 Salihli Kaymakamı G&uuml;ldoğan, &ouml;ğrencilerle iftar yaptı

################

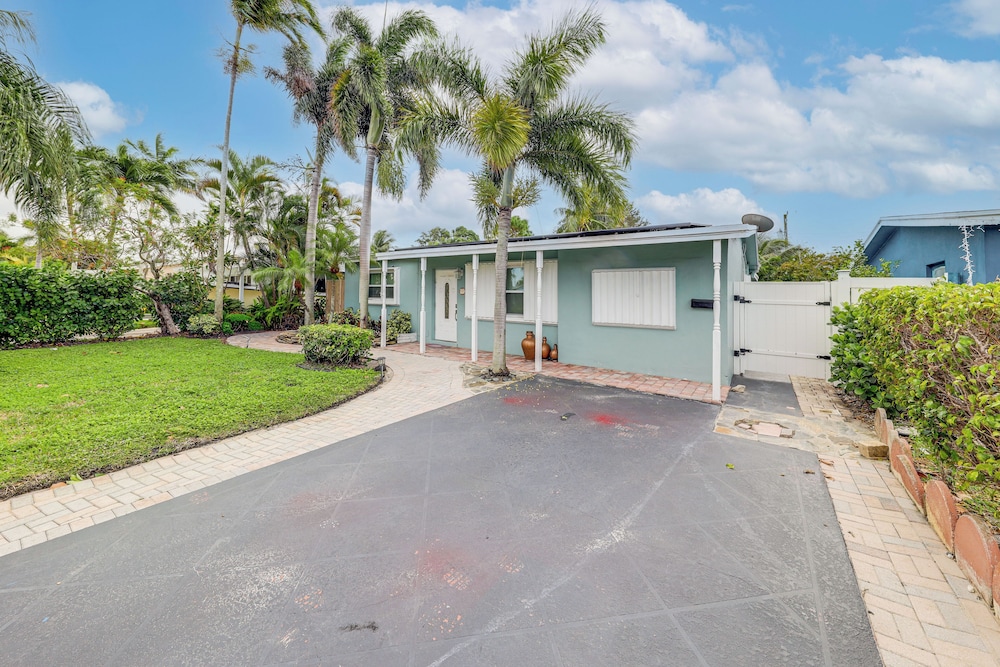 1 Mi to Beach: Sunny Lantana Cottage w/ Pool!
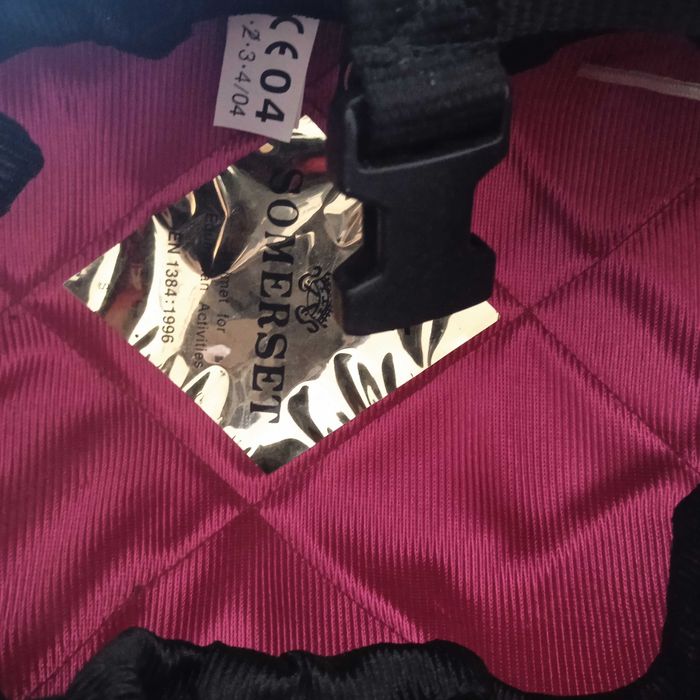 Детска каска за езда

################

• [ASSIGNED TASK] Only one stretch of the entries above is needed: the lines from the one containing "1 Mi to Beach: Sunny" through the one containing "Детска каска за езда". Copy it exactly, without the pictures.

• [RESULT OF THE EXERCISE]
 1 Mi to Beach: Sunny Lantana Cottage w/ Pool!
 Детска каска за езда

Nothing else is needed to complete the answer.